A stereoscopic image display device that projects and displays a stereoscopic image on a projection plane,
A projection unit that projects and displays a parallax image composed of a first image and a second image having a predetermined parallax with respect to the first image in a predetermined display area;
A display size determination unit that determines whether or not the size of the display area on the projection plane is equal to or larger than an upper limit size determined based on a limit value of a parallax amount that allows the parallax image to be recognized as a stereoscopic image;
An adjustment unit that adjusts the stereoscopic image to reduce the amount of parallax when the size of the display area is equal to or larger than the upper limit size;
Equipped with a,
The adjustment unit reduces the amount of parallax by reducing the size of the display area . A camera for photographing the display area;
The stereoscopic image display apparatus according to claim 1, wherein the display size determination unit calculates a size of the display area based on an area occupied by the display area in an image captured by the camera.

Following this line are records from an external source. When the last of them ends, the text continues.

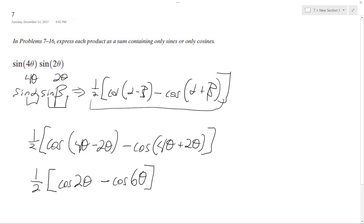That's it. I hope that helps you out. That's how you convert this product into a sum using only sines and cosines.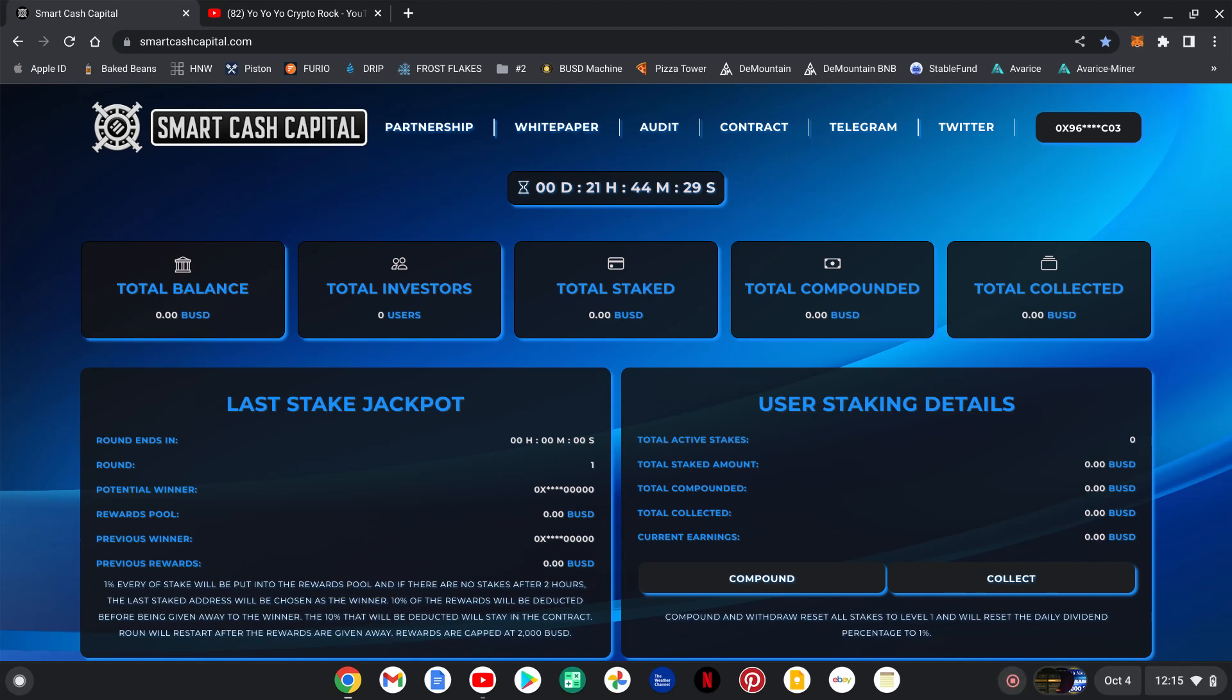Yo yo yo, it's Crypto Rock. What's going down everybody? Bringing you another super hot one: Smart Cash Capital. This thing is going to be blowing up guys, lots of cool mechanics. This is inspired by Wealth Mountain with some new mechanics and some new things added into the code.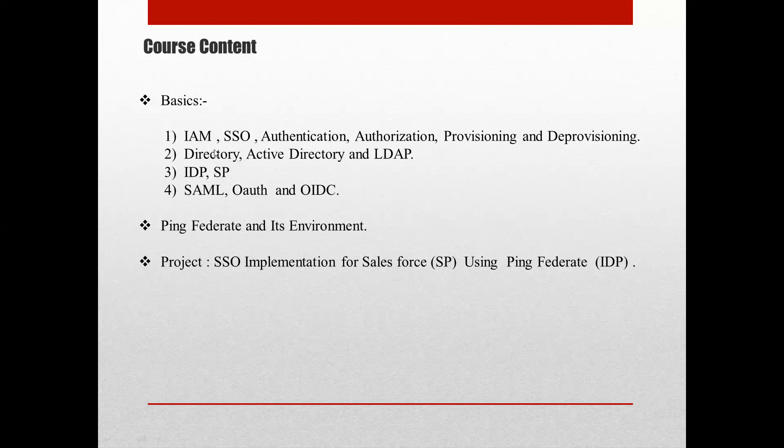Later we will be discussing a project where we will be implementing SSO for Salesforce using PingFederate. In this project, Salesforce is the service provider and PingFederate will be acting as the identity provider. We will be discussing more about this in upcoming sessions. Thank you, bye!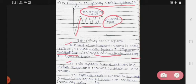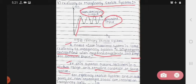In this system, the output oscillates in a finite range and remains constant at the same value. For a critically stable system, one or more pairs of non-repeated roots are located on the imaginary axis.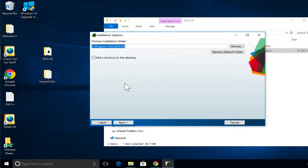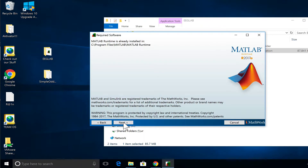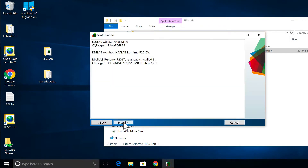Pressing next. Then it asks where you want to install it — the default location is fine. Don't add a shortcut to the desktop and I will explain why later. There are some more disclaimers and a summary of what the program is going to do. It takes about 40 minutes to an hour just to download all the files to execute EEGLAB.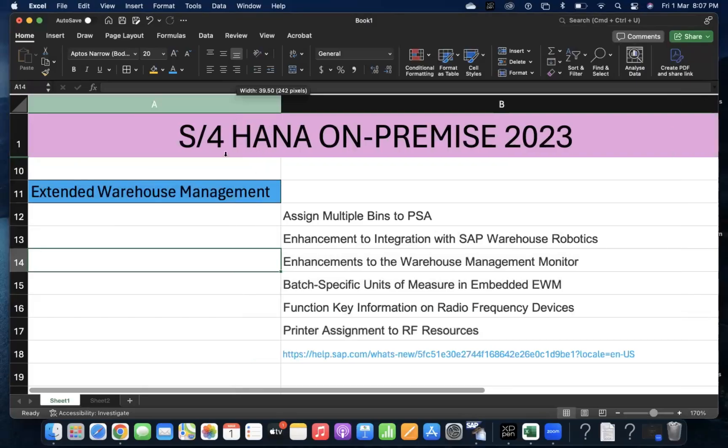Hi, good morning everyone. I hope all of you are doing good. In this video, I'm going to explain the new functionalities added in Extended Warehouse Management.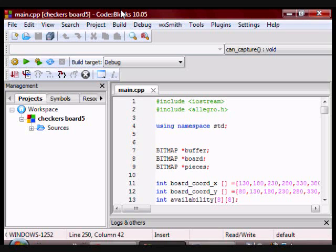One was player 1 and player 2, two was capture, and three was the motion of the king. At this moment I have two of these implemented.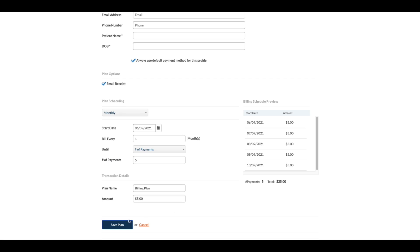Remember to save the plan and have the patient sign off on the authorization form. We have an example available if you'd like to use ours as a template.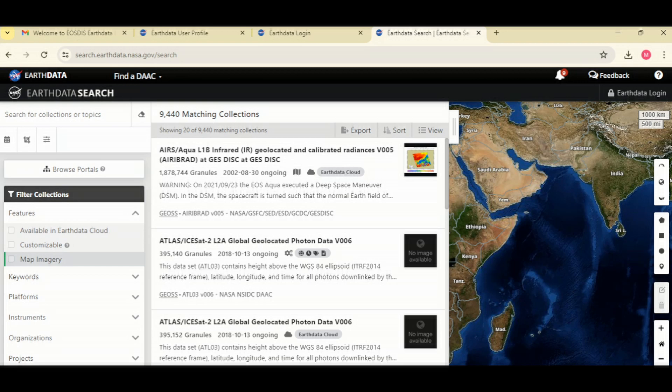We are going to look at how to download two datasets: one for vegetation indices and another one for land surface temperature. Our study area is Ghana, in the month of February 2024. So that's our search criteria — the date range is February 2024 and our study area is Ghana.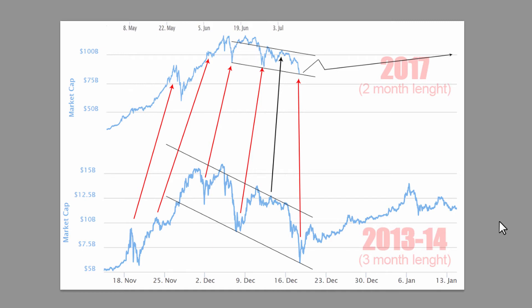Hello guys, welcome back to a new post for the market cap technical analysis. I review the market cap once a week, so this chart is from exactly seven days ago today.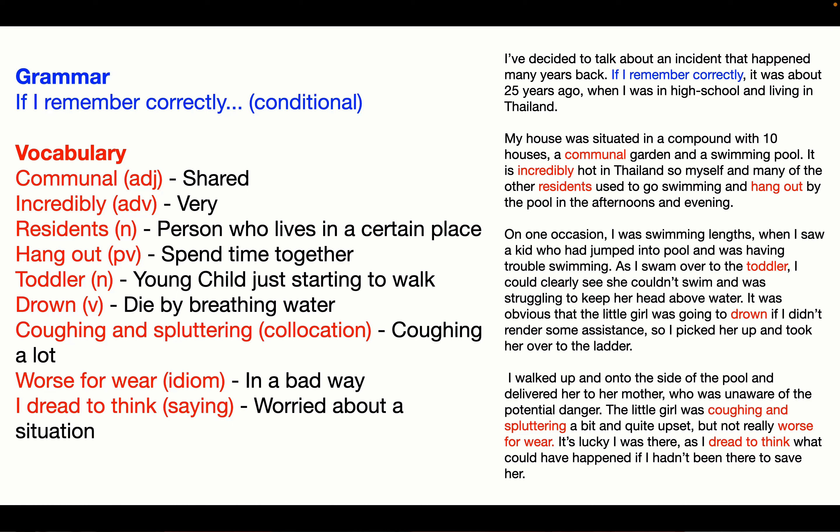Let's look at the vocabulary and grammar. First, 'if I remember correctly' — this is a conditional sentence. It's good to show lots of different types of sentences to the examiner and lots of different types of grammar, and a conditional sentence is an easy one for giving an example or talking about the past. Vocabulary-wise, we've got 'communal' — it's an adjective meaning shared between people. 'Incredibly' is an adverb, another word for very. 'Very' is not very interesting and it's not going to get you big marks — try using some adverbs instead of very, that will impress the examiner more.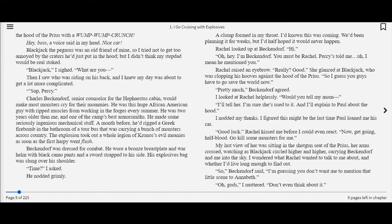Time? I asked. He nodded grimly. A clump formed in my throat. I knew this was coming. Rachel looked up at Beckendorf. So I guess you guys have to go save the world now. Pretty much, Beckendorf agreed. Will you tell my mom? I'll tell her. And I'll explain to Paul about the hood. Rachel kissed me before I could even react. Now get going, Half-Blood. Go kill some monsters for me.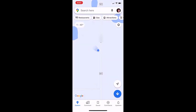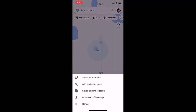So you will click your Google Maps, and once you get to where you're going to park, you'll see the blue circle — that blue circle shows where you are currently. If you tap that blue circle, it will give you a new menu that pops up and you have the option to share your location, add a missing place, or set as parking location — and that is of course what we're going to do today.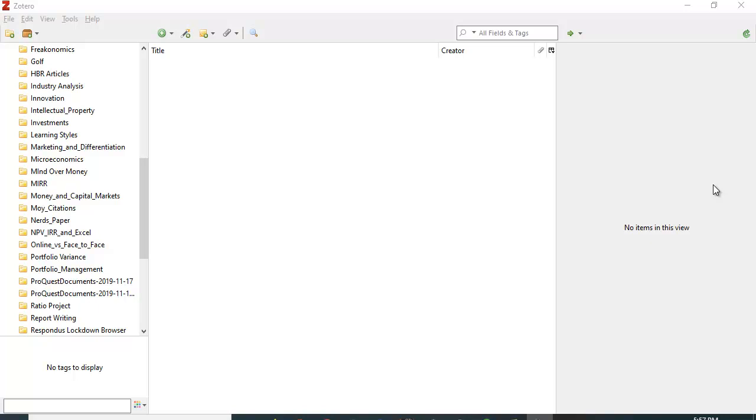In a previous video I provided a brief introduction to Zotero. Zotero is an open source reference management system that allows you to save references from your university's library website,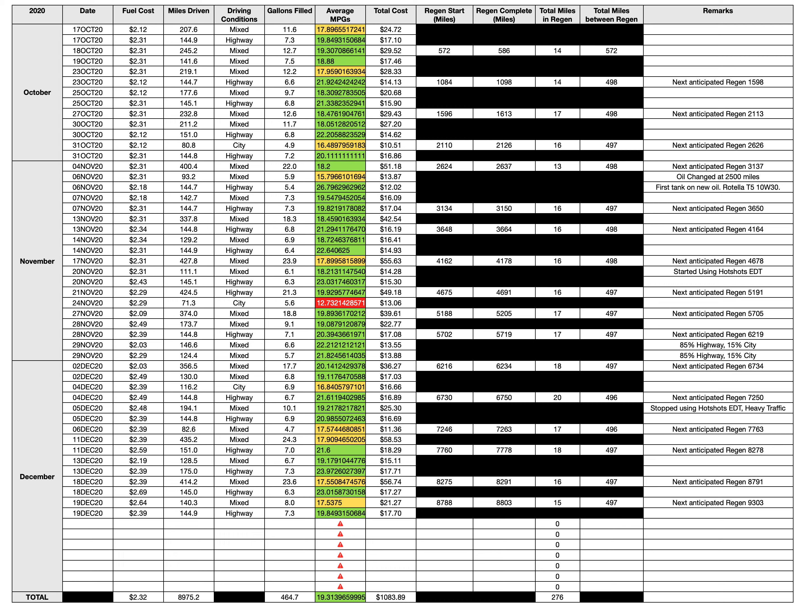Welcome back to my channel. This is a quick update video on my truck - another fuel mileage and regeneration update. My last update was in November, and for the month of December my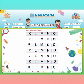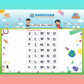Let's start with letter K. After K, letter L will come. After L, letter M will come. After M, letter N will come. After N, letter O will come. Then come to the next line.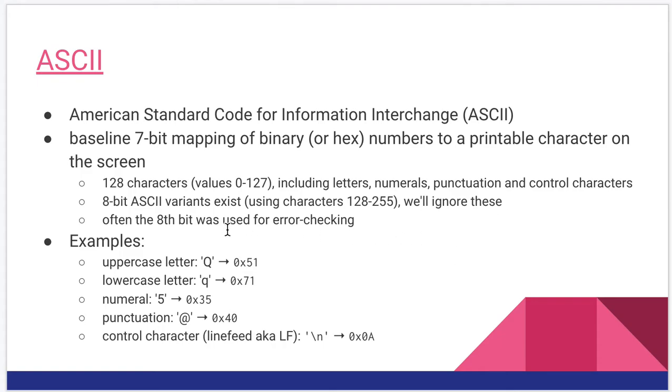In the early days ASCII was often a 7-bit thing where the 8th bit was used for error checking when these characters were sent across networks from mainframes to terminals.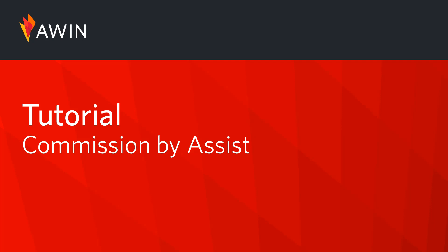Hello, welcome to AWIN's interface tutorial videos. Today we're going to talk about adding Commission by Assist.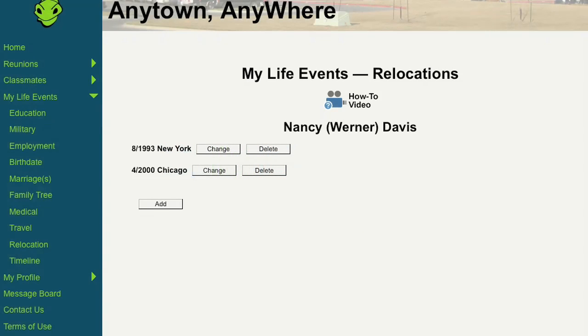The relocation section allows you to update your life events timeline with a list of different places you've lived over the years.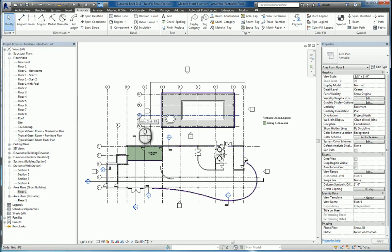And that's the area command in Revit 2016. Thanks for watching my screencast, and please don't forget to give me a thumbs up.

The display size determination unit sets the size of the display area when the parallax amount between the first image and the second image is equal to a preset limit value of the parallax amount as the upper limit size. The stereoscopic image display apparatus according to claim 1 or 2 . The display size determining unit, according to claim 3 to perform the corresponding point matching of the first image and the second image, the parallax amount of largest of the first image and the second image of the distance between corresponding points 3D image display device.